How to use static analysis correctly

    Now they are increasingly talking about static analysis to search for vulnerabilities as a necessary stage of development. However, many talk about the problems of static analysis. We talked a lot about this in the past Positive Hack Days , and based on the results of these discussions, we already wrote about how the static analyzer works. If you have tried any serious tool, you might be frightened off by long reports with confusing recommendations, difficulty setting up the tool and false positives. So is static analysis needed?

    Our experience tells you what you need. And many problems that arise when you first look at the tool, it is quite possible to solve. I will try to tell you what the user can do and what the analyzer should be, so that its use is useful, and does not contribute “another unnecessary tool that security personnel require.”

    About static analysis

    So, we have already talked about the theoretical limitations of static analysis. For example, deep static analysis tries to solve problems exponential in complexity. Therefore, each tool seeks a trade-off between work time, resources expended, the number of vulnerabilities found and the number of false positives.

    Why do you need a deep analysis? Any IDE very quickly finds errors, sometimes even related to security - what are some exponential problems? A classic example is SQL injection (and any other injection, such as XSS, RCE, and the like) that goes through several functions (that is, reading data from the user and executing the query occur in different functions). To search for it, an interprocedural analysis of the data flow is needed, and this is a problem of exponential complexity. You must admit that analysis of such vulnerabilities cannot be considered deep. For the same reason, you need to analyze the code in its entirety, and not in parts - otherwise you can miss interprocedural vulnerabilities.

    In recent years, I have gained a lot of experience in communicating with (potential) customers of various static analyzers. Including we are discussing claims to the instruments based on the results of the first use (pilot). Most claims in one way or another follow from the theoretical limitations of the technology. In addition, the tools may simply not have the desired user functionality. However, in my opinion, analyzers can move (and move) towards the user in terms of solving the problems identified further. But you also need to be able to use analyzers, leveling the consequences of these same problems - as it turns out, this is not so difficult. Let's take it in order.

    You can imagine a model situation: you decide to try the technology in action or choose a static analyzer - conduct a pilot. Of course, you do not trust the test examples of the vendor and want to try to analyze your code (at the same time you can find real vulnerabilities and fix them). You are provided with an installer or a ready-made virtual machine with a system for a short time.

    Run analysis

    First you need to run the analysis. You enter the interface, and, it seems, everything should be clear: we load the archive with the source code into the form and click “analyze”. But no: you get several forms with different fields that you need to somehow fill out. It is necessary to specify programming languages, some analyzer settings, select vulnerability packages (how do you know what is included in them?) And so on. You pass this test, and the analysis begins. And no - scanning error. “The format does not meet the requirements,” “This language requires code assembly,” “No files were found for scanning” ... If you did not write this code yourself, you will still have to go to the developers for help.

    The developer delivers the source code for testing.
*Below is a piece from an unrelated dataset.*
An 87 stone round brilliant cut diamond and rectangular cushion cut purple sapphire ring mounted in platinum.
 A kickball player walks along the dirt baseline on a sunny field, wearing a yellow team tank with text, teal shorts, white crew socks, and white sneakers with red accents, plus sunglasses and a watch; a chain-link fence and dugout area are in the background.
    Separate attention is given to the requirements for the assembly of the code. Most analyzers for a number of languages ​​require that code be compiled during analysis (JVM languages ​​- Java, Scala, Kotlin and the like, C / C ++, Objective-C, C #). You understand what a pain it is: to reproduce the environment of a large project for assembly on a new machine. On the other hand, these requirements are justified, they follow from the technology of analysis and the specifics of these languages.

    How do analyzers solve these problems? First, they make the launch of the analysis as automated as possible. Ideally, it is enough to load a file of any format, and the analyzer itself should understand what languages ​​there are, how to try to build and how to set the rest of the default settings so that the results are as complete as possible. It is clear that you can not foresee everything - but you can try to handle most of the cases.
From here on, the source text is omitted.